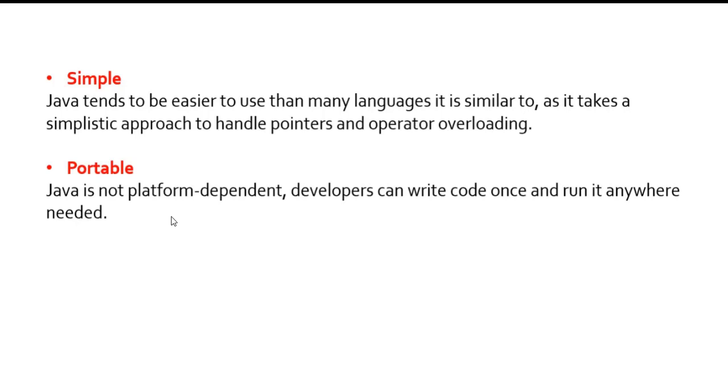Java is portable. Developers can write code once and run it anywhere needed. In previous systems, the code which has been written can be run on that particular machine, but now it has the capacity of portability. Whatever code you write on one machine can be run on other machines too.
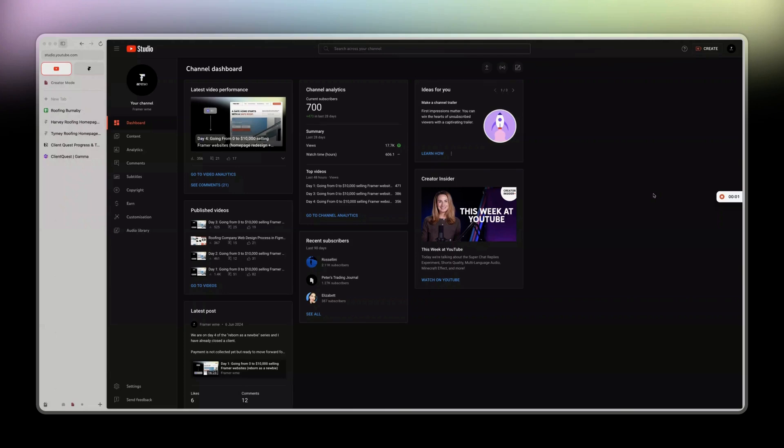It is 8:35 p.m. I waited on purpose to have the second call with the prospect from yesterday to keep you updated because I know you've been waiting for this.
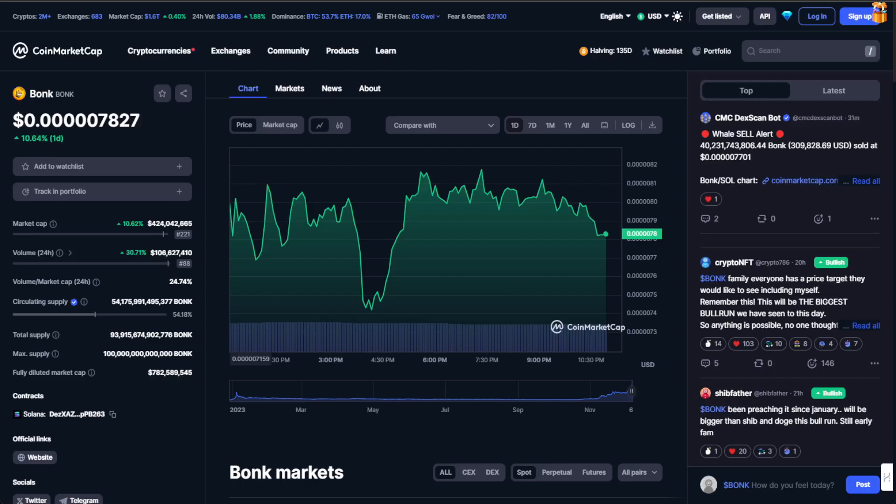Hey guys, welcome back to another latest BONK token update. It's Crypto Crypto right here. I'm really excited to give you this update and the headline reads: BONK has overtaken FLOKI.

——

PROBLEM TO SOLVE:
The data above is to be printed exactly, all of it, except for the pictures.

WORKED SOLUTION:
Java is portable. Developers can write code once and run it anywhere needed. In previous systems, the code which has been written can be run on that particular machine, but now it has the capacity of portability. Whatever code you write on one machine can be run on other machines too.
It is 8:35 p.m. I waited on purpose to have the second call with the prospect from yesterday to keep you updated because I know you've been waiting for this.
Hey guys, welcome back to another latest BONK token update. It's Crypto Crypto right here. I'm really excited to give you this update and the headline reads: BONK has overtaken FLOKI.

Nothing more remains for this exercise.